**Work instruction**
Please repeat the whole listing exactly, but leave out any picture it holds.

"""

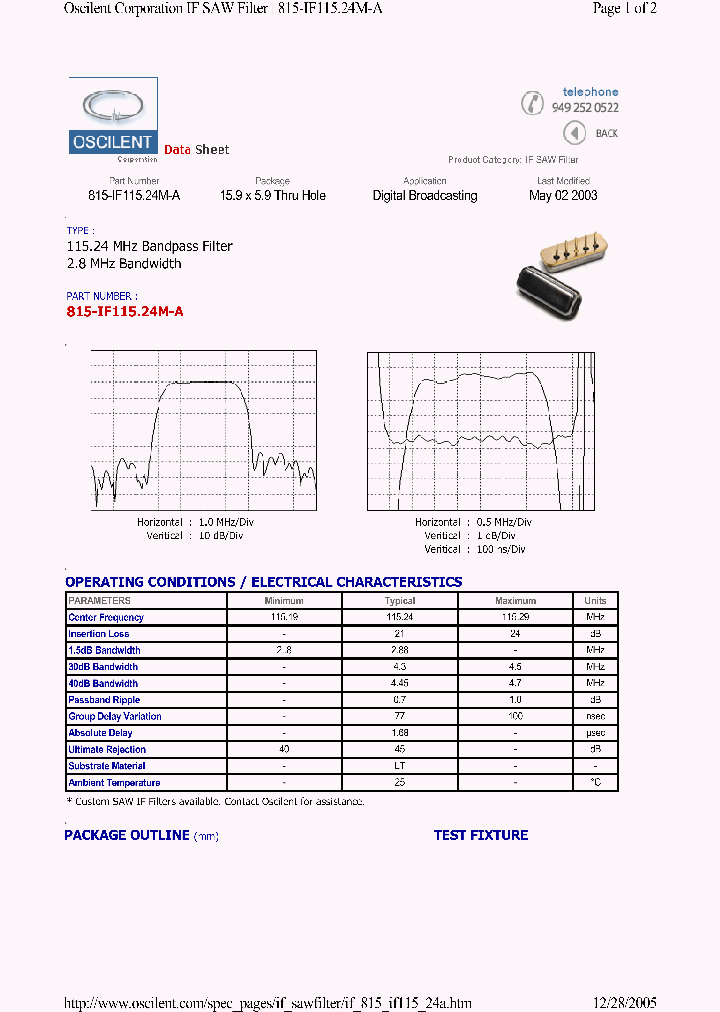 815-IF11524M-A_4501556.PDF Datasheet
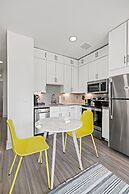 Placemakr Downtown Austin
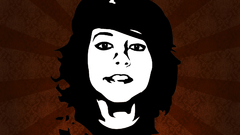 Boxxy best widescreen background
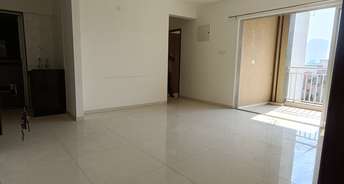 2 BHK Apartment For Rent in Prasun Sarvam Kharadi Pune 6265260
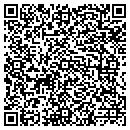 QR code with Baskin-Robbins contacts
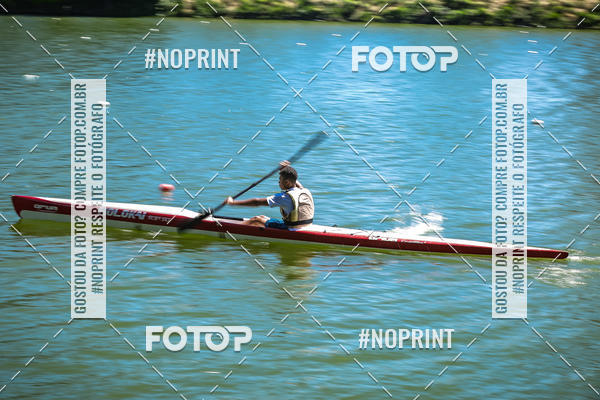 Buy your photos of the eventRegata 4k 2019 on Fotop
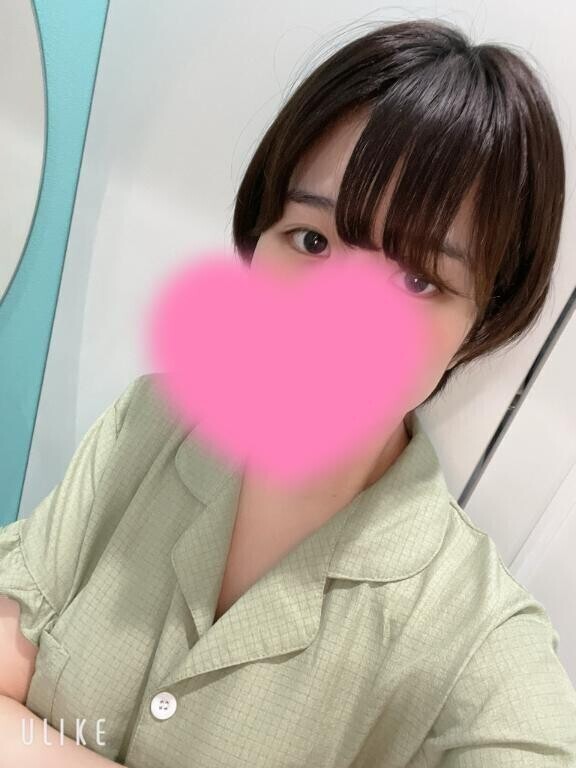 かーれきゅん?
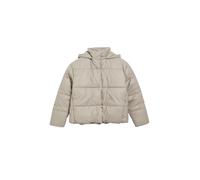 Outdoor-Jacke 164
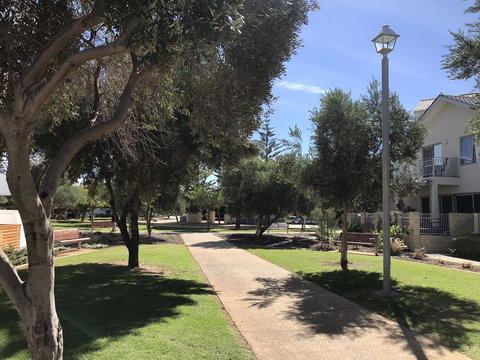 La Sea-esta Retreat At South Beach - Accommodation in Surfers Paradise 5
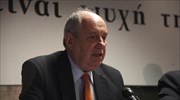 Τ. Κουίκ: Τη Δευτέρα οι βουλευτές των ΑΝΕΛ θα δώσουν τέλος στη συγκυβέρνηση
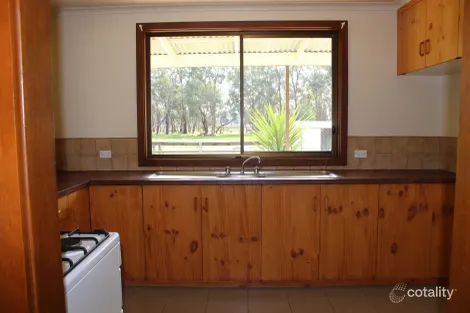 Property photo of 173 High Street Baddaginnie VIC 3670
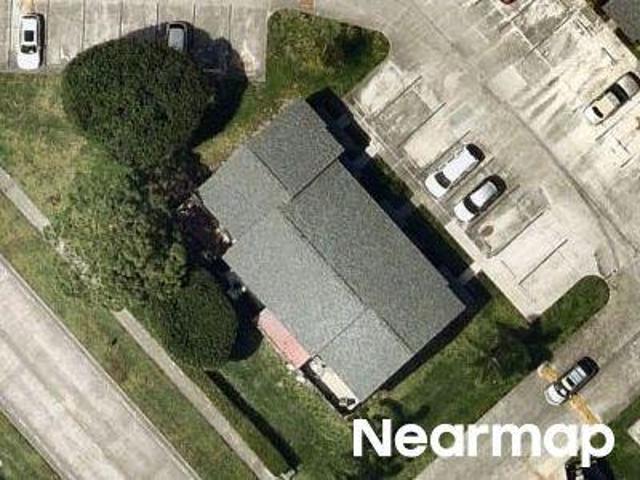 Property for sale in Greenacres, Palm Beach County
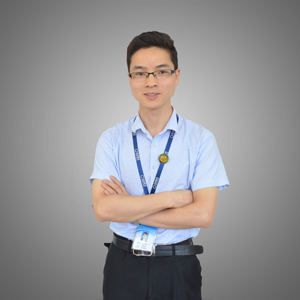 高冠教育-任老师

"""

**Result of this exercise**
 815-IF11524M-A_4501556.PDF Datasheet
 Placemakr Downtown Austin
 Boxxy best widescreen background
 2 BHK Apartment For Rent in Prasun Sarvam Kharadi Pune 6265260
 QR code with Baskin-Robbins contacts
 Buy your photos of the eventRegata 4k 2019 on Fotop
 かーれきゅん?
 Outdoor-Jacke 164
 La Sea-esta Retreat At South Beach - Accommodation in Surfers Paradise 5
 Τ. Κουίκ: Τη Δευτέρα οι βουλευτές των ΑΝΕΛ θα δώσουν τέλος στη συγκυβέρνηση
 Property photo of 173 High Street Baddaginnie VIC 3670
 Property for sale in Greenacres, Palm Beach County
 高冠教育-任老师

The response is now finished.